Grosse Pointe Shores public safety officer Billy Howe uses one of the department’s specialty tools as he tries to cut a hole in a garage door during a fire training exercise Sept. 26 at a home in the 800 block of Lake Shore Road slated for demolition.
By: K. Michelle Moran | Grosse Pointe Times | Published October 8, 2024
GROSSE POINTE SHORES — The dense, nontoxic white fog filling a room in a Grosse Pointe Shores house on Lake Shore Road isn’t actual smoke, but for fire training, it’s a good substitute because, like the real thing, it’s completely blinding. Stick your hand in it and it vanishes.
Relying on what they learned in the fire academy and from fighting previous fires, three Grosse Pointe Shores Public Safety officers crawl into the room as a team, hanging onto one another as they carefully make their way through an unfamiliar space in an effort to find and rescue anyone who might be trapped in the home. On this Thursday morning, Sept. 26, Public Safety Director Kenneth Werenski said officers are responding to a scenario involving a smoke-filled home where they’re looking for two missing individuals.
“You can’t see anything,” Werenski said. “At the end of the day, you and your partner have to work together.”
As part of this exercise, officers enter the room on their hands and knees because this is something they’d likely need to do if responding to a similar scene.
“In a real fire, the flames would be coming up above us across the ceiling,” Lt. Tony Spina said, pointing up.
Werenski said the officers follow a specific search pattern in fires.
“It’s very organized when you go into these scenarios … so when you go in, you know how to get out,” Werenski said.
This exercise is a good opportunity for officers to use their thermal imaging cameras, which detect the heat signatures of humans and pets, enabling officers to more quickly locate and safely extricate any humans or animals who might be trapped.
If there’s ever a time to make mistakes, this is it.
“The last thing we want is for someone to get injured on a training exercise, so if we see an issue, we stop and correct it,” Spina said. “That’s part of training.”
This particular property was purchased by Matt and Karen Cullen, who offered up the home to the department for training because they plan to build a new house there. The department is grateful to the couple for allowing them to use the house and garage before it’s demolished.

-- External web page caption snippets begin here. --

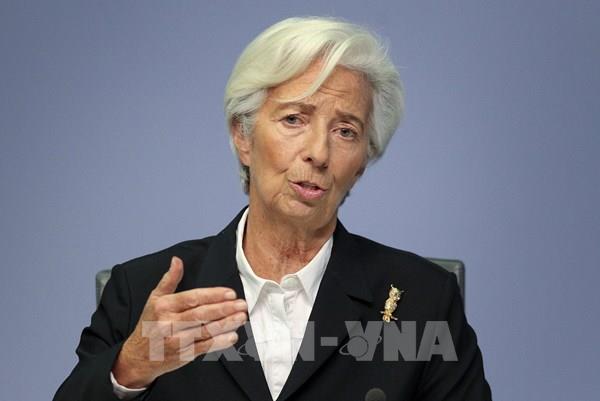 ECB chuẩn bị tung ra thêm các biện pháp kích thích kinh tế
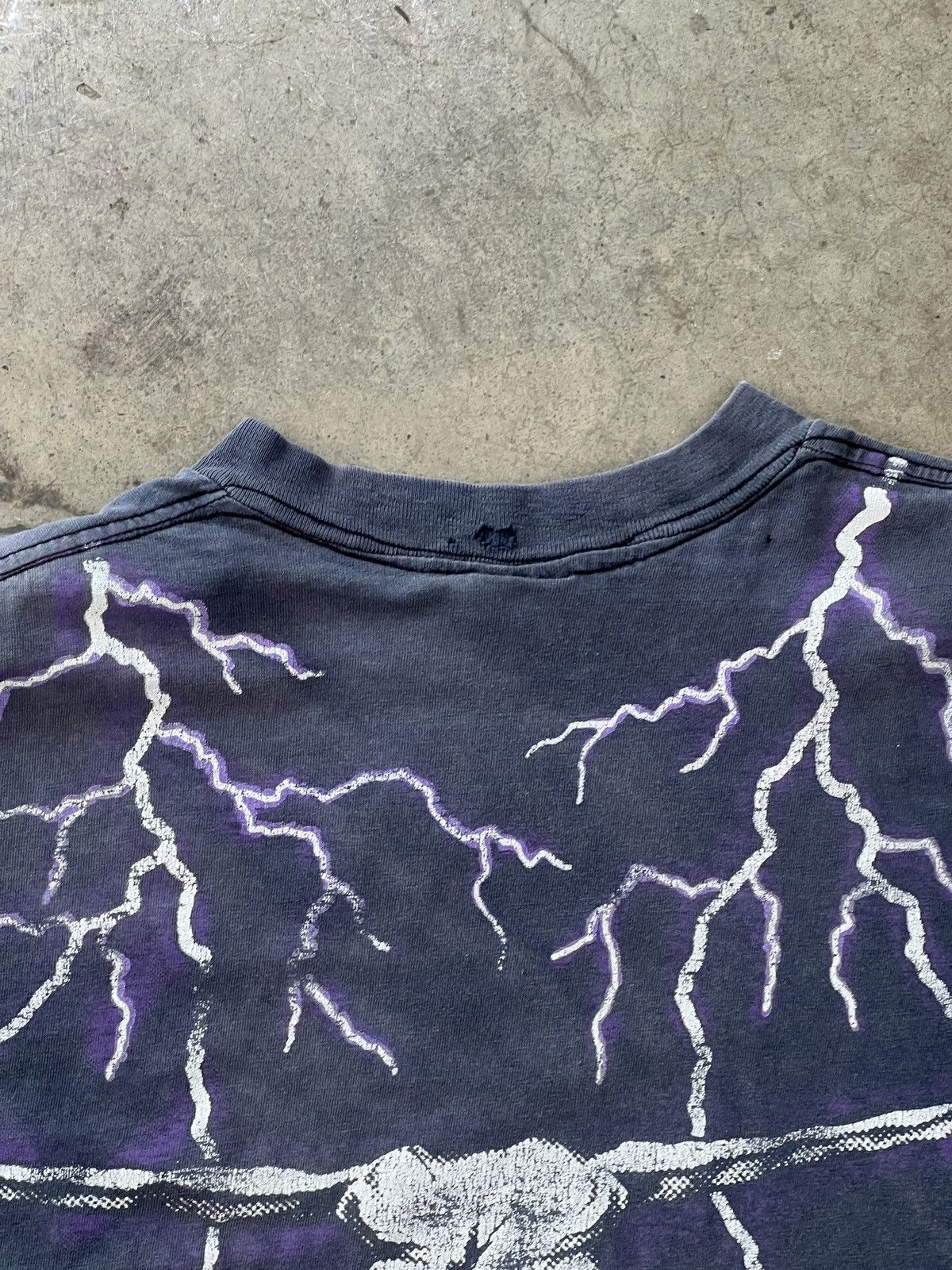 Band Tees Vintage 90s Brooks & Dunn AOP Lightning Thrashed Tee XL Size US XL / EU 56 / 4 - 10 Thumbnail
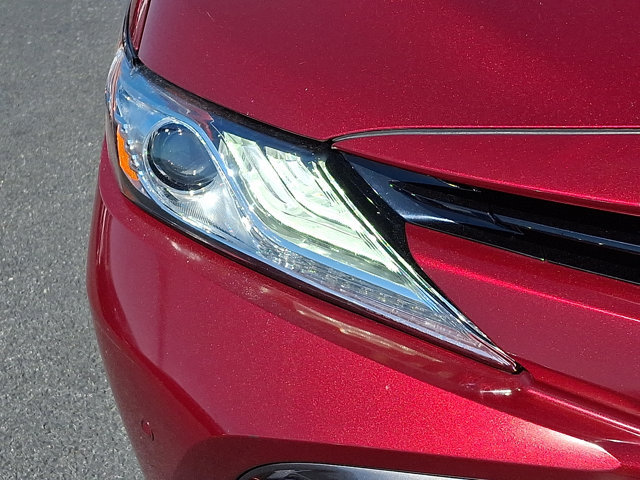 Used 2018 Toyota Camry XLE FWD image 9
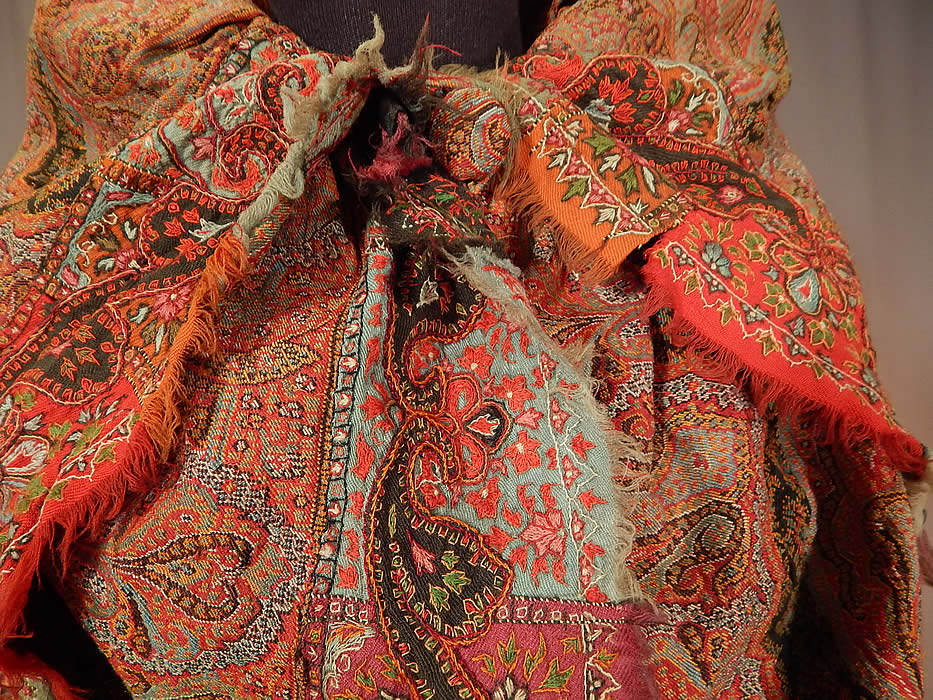 Victorian Antique Wool Signed Kashmir Paisley Shawl Collar Cloak Cape
This is truly a rare and exceptional piece of wearable paisley textile art!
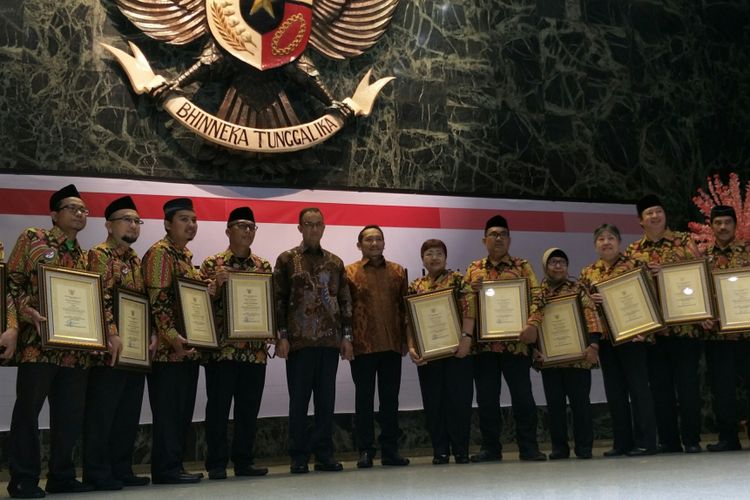 Gubernur DKI Jakarta Anies Baswedan memberikan piagam penghargaan kepada 182 warga Jakarta yang telah lebih dari 100 kali mendonorkan darah mereka di Balai Kota DKI Jakarta, Minggu (11/2/2018).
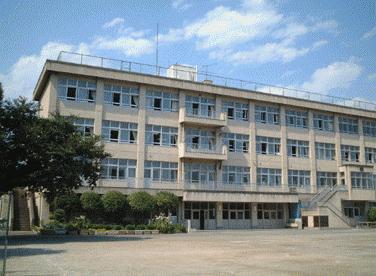 昭島市立瑞雲中学校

“There’s no way we can possibly know the interior layout of every home in the village,” Spina said. “This is the most realistic, safe environment we can put officers into.”
Werenski has trained in multiple homes over the course of his three-decade career in the Shores, and said the experience is invaluable.
“If every two years we can get into a house and simulate these scenarios, it’s huge for us,” Werenski said. “We have to be good at fighting house fires. … This is what’s going to make us really good at it.”
Small and almost exclusively residential, the Shores doesn’t have many fires. Because the city has a mutual aid pact with the other Grosse Pointes and Harper Woods, officers get additional experience battling blazes in neighboring communities.
But, Shores firefighting poses unique challenges. For example, Werenski said the home where they were doing this training had a cedar shake roof — something he said can be found in at least a dozen other homes in the Shores, as well as other Pointes. While conducting a training exercise to ventilate the garage roof Sept. 24, Werenski said officers found that these roofs have thicker wood and more shingles, making them harder to cut.
“We’re learning what tools work best (on this kind of roof) so we’re not learning that in the heat of the moment,” Werenski said.
He said they also discovered that cedar shake roofs are extremely slippery when wet, meaning that officers need to take additional precautions to avoid falling.
Spina said officers would also be training at the home using fire extinguishers. If a fire is small enough — as is sometimes the case in kitchens — it can often be snuffed out that way, which is preferable to using water because it’s easier to clean up and leaves far less damage and debris.
Spina said officers visit schools to teach students how to use fire extinguishers at home, where the kids learn the “PASS” acronym — which stands for pull the pin on the extinguisher, aim the nozzle or hose, squeeze the handle and spray the extinguisher in a sweeping movement, side to side. He said extinguishers are good for putting out small fires caused by cooking oils, chemicals or combustible materials. Spina said they recommend that everyone have at least one fire extinguisher on each floor of the house, as well as the garage. They’re relatively inexpensive and can be purchased at hardware stores, many big box stores like Target and Costco, and some grocery stores. Spina said extinguishers don’t last forever, so homeowners will likely need to replace them every couple of years, but Shores officers can come to homes in the city and inspect them to make sure they’re working properly.
Also crucial are working smoke detectors. Spina said even if a home’s smoke detectors are connected to the electrical system, batteries remain essential because they wouldn’t be operational during a power outage, which is also when a downed power line could easily spark a blaze. Shores residents who cannot change their smoke detector batteries due to age or physical challenges can call the Public Safety Department and arrange a time for an officer to come to their home and do it for them.